Although divergence should not be overstated, SAMR is legally obligated to consider the impact of a transaction on national economic development, the overall industry and customers during the merger review,23 which means that more uncertainties would remain if the transaction involves sectors that are strategically important or sensitive to China.  From year 2008 (i.e. the effectiveness of AML), we have witnessed that MOFCOM/SAMR imposed conditional remedies in the following sectors:

(Table 1: Strategic Sectors for which Conditional Remedies are Imposed)

Given the background of the China US trade war, it is likely that SAMR will continue to assess the impact of transactions involving U.S. companies on Chinese industry specifically such as in the high-tech sector. If the transaction involves a strategically important sector, it would be important to consider the impact to the Chinese industry and to understand any concerns from relevant Chinese stakeholders (e.g. customers, license users).

Although there have not yet been any actual data-related cases reviewed by MOFCOM/SAMR, we understand that SAMR is also considering and developing its related theory of harm for data-driven mergers.  While there still remains a great deal of debate regarding whether data held by one party could be recognized as an essential competition element/whether to request open access to data, we have noticed that the European Commission (“EC”) and  the competition regulators in the U.S. (i.e. Federal Trade Commission, “FTC” and Department of Justice “DOJ”) are paying closer attention to examining if data could trigger input foreclosure.24  The DOJ is also considering data privacy issues – if two horizontal market players compete on privacy as an aspect of product quality, their merger could be expected to reduce certain level of quality, i.e. companies in a concentrated market may tacitly coordinate to void competition on privacy. 25  With respect to China, in the latest draft Measure of Prohibition of Abuse of Dominance (draft for comment),26 SAMR has recognized that the acquisition of data can be a factor in deciding if the party has a market dominant position.  Companies in relevant sectors are encouraged to monitor the legal development in China closely.

 

China-specific Remedies Imposed by MOFCOM/SAMR   

Considering MOFCOM/SAMR’s special areas of concern, it is not surprising to see that the Chinese regulator tended to resort to a wider range of remedies to allay China-specific concerns.
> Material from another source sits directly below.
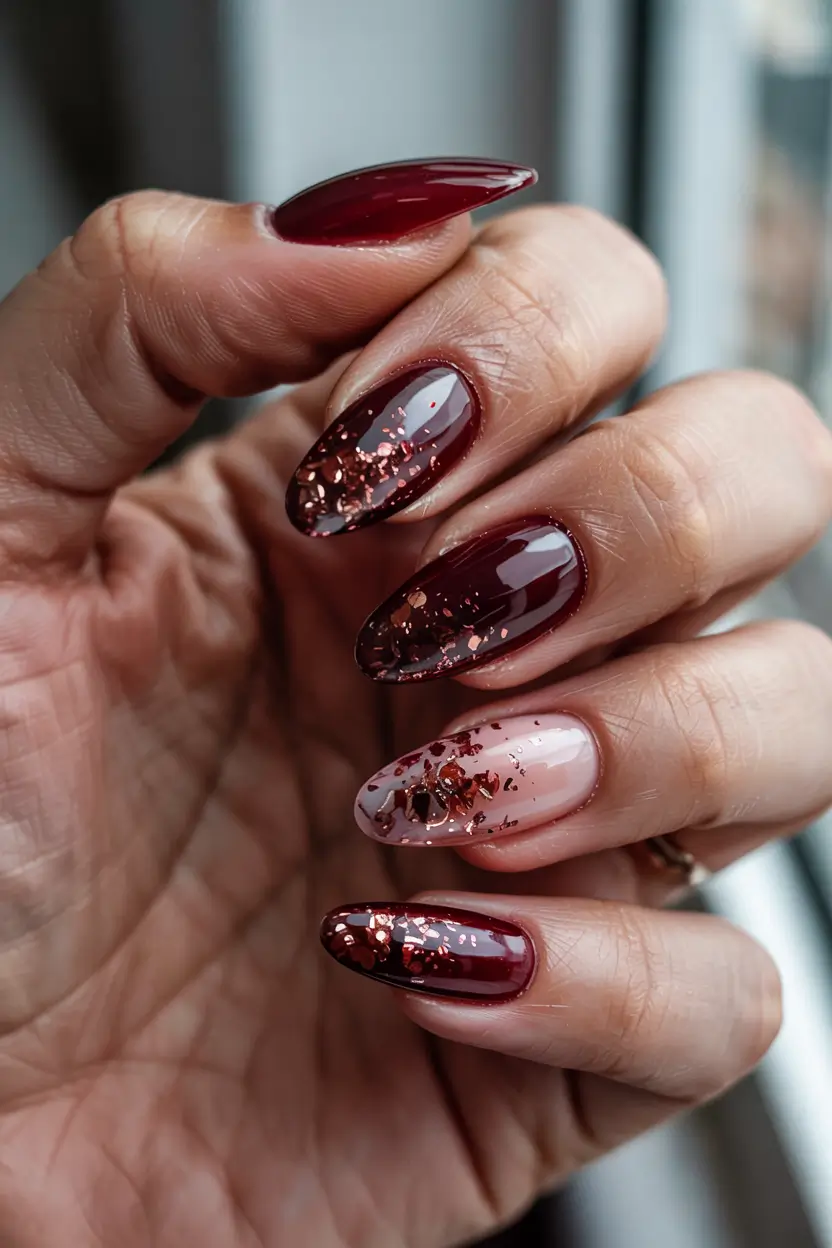 long winter nails 2025 Cranberry Glow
In general, while MOFCOM/SAMR considered structural-type remedies to the same/similar extent as U.S. regulators and the EC, it has showed a greater preference for behavioral remedies27, and the following types of behavioral remedies are quite unique for China (/not usually required in other jurisdictions):

C. FRAND commitment

Generally, a standard essential patent (“SEP”) holder would be under a FRAND commitment regardless of the proposed transaction, i.e. the SEP holders would need to make the patent available to all interested third parties, not to discriminate against different licensees, and to offer a license under fair and reasonable terms.  While the EC and the FTC/DOJ usually do not consider FRAND issues to be merger-specific and take a “wait-and-see” approach (i.e. they will continue to monitor the SEP holder’s behavior after the transaction), MOFCOM/SAMR usually requires a behavioral remedy to emphasis the SEP holder’s commitment.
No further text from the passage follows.